EXERCISE -> Would you reproduce exactly, and only, the lines starting at the one with "المخططات الطابقية لتصميم" and ending at the last line of the data, with both included? Leave the pictures out.
== EXTRACTED MATERIAL
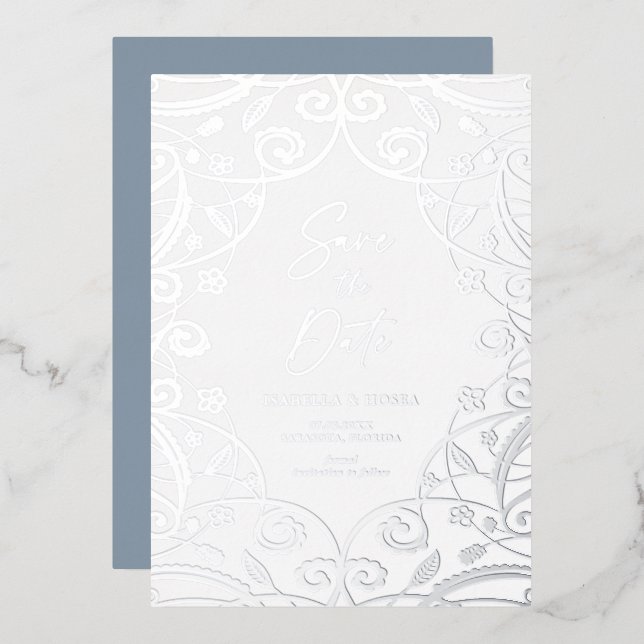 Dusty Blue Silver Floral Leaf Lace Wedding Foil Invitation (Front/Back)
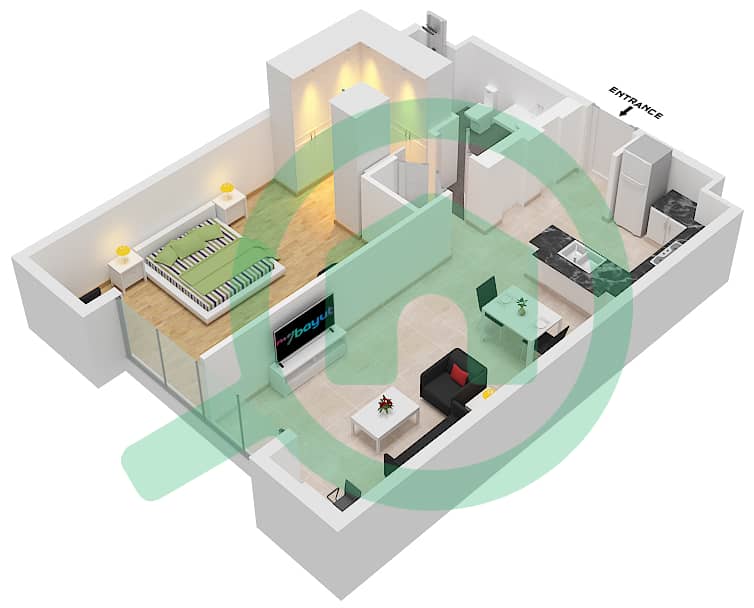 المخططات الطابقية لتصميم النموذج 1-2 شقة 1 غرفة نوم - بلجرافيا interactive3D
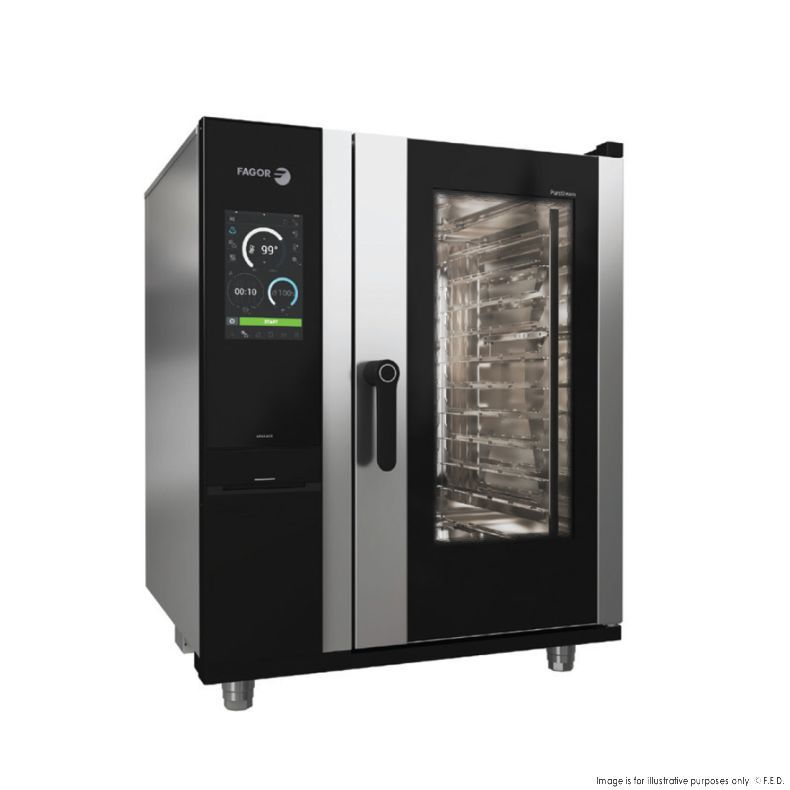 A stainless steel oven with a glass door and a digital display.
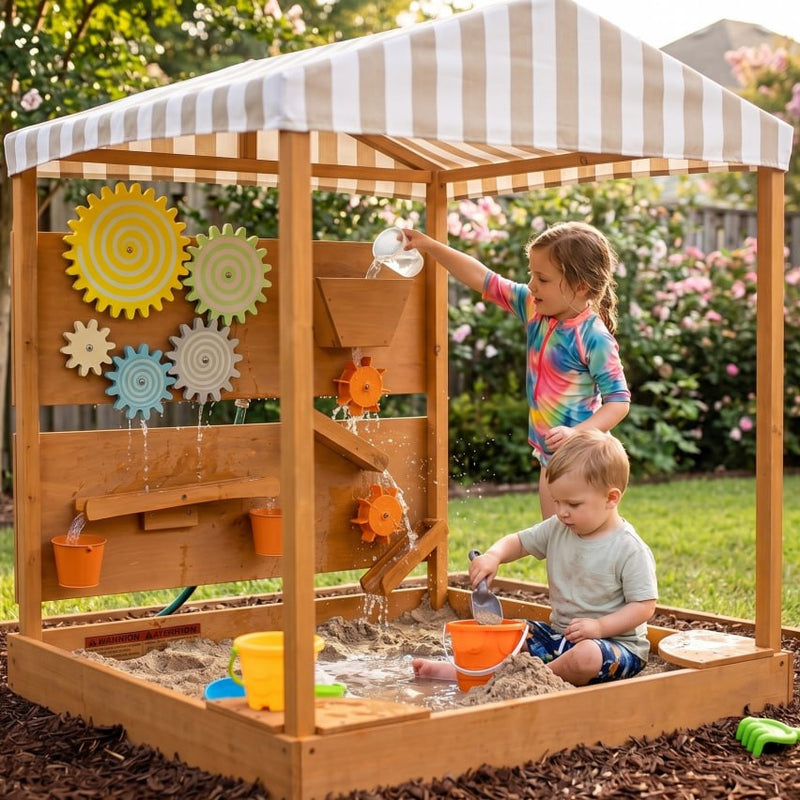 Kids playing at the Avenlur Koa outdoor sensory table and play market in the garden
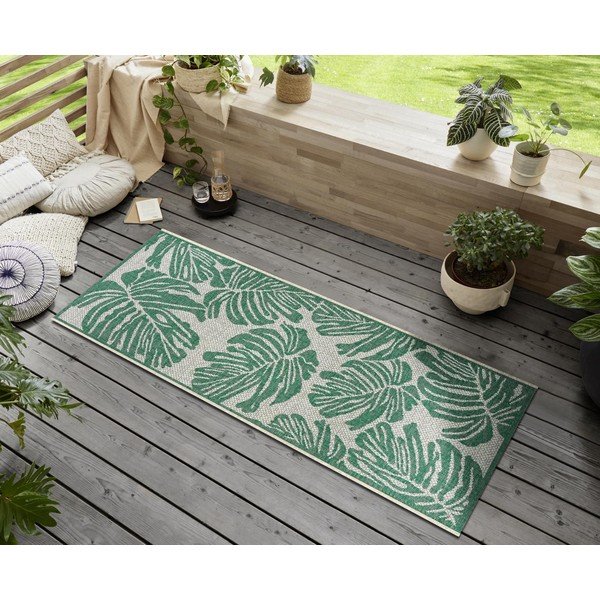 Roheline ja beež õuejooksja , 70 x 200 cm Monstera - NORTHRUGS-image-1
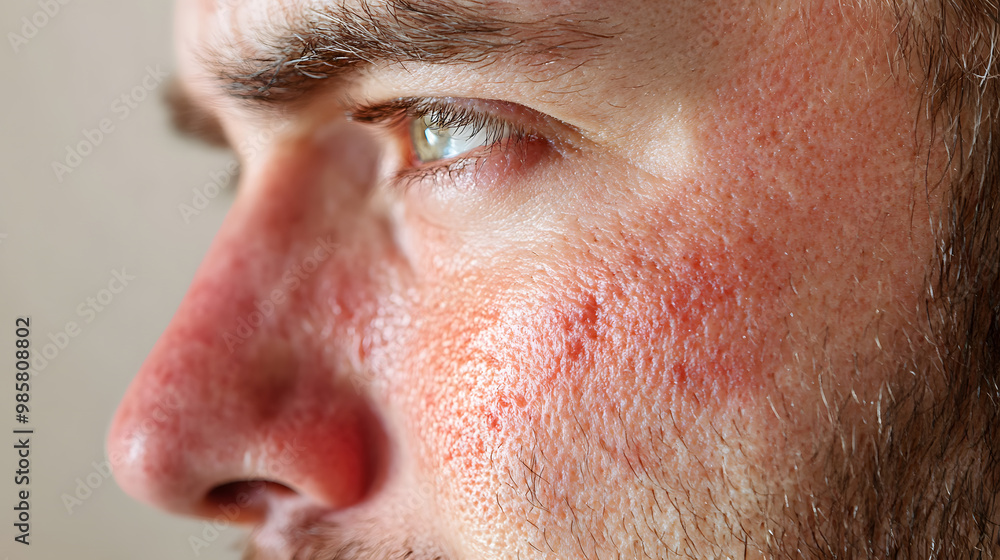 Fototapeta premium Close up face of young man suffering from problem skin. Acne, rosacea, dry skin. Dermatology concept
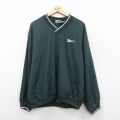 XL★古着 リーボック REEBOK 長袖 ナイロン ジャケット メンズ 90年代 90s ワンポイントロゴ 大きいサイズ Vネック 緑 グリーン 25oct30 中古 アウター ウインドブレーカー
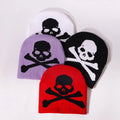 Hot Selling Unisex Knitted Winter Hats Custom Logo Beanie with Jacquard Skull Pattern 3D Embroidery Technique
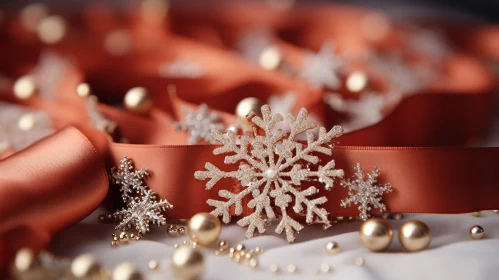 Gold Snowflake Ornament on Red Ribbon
====
OUTPUT ->
 المخططات الطابقية لتصميم النموذج 1-2 شقة 1 غرفة نوم - بلجرافيا interactive3D
 A stainless steel oven with a glass door and a digital display.
 Kids playing at the Avenlur Koa outdoor sensory table and play market in the garden
 Roheline ja beež õuejooksja , 70 x 200 cm Monstera - NORTHRUGS-image-1
 Fototapeta premium Close up face of young man suffering from problem skin. Acne, rosacea, dry skin. Dermatology concept
 XL★古着 リーボック REEBOK 長袖 ナイロン ジャケット メンズ 90年代 90s ワンポイントロゴ 大きいサイズ Vネック 緑 グリーン 25oct30 中古 アウター ウインドブレーカー
 Hot Selling Unisex Knitted Winter Hats Custom Logo Beanie with Jacquard Skull Pattern 3D Embroidery Technique
 Gold Snowflake Ornament on Red Ribbon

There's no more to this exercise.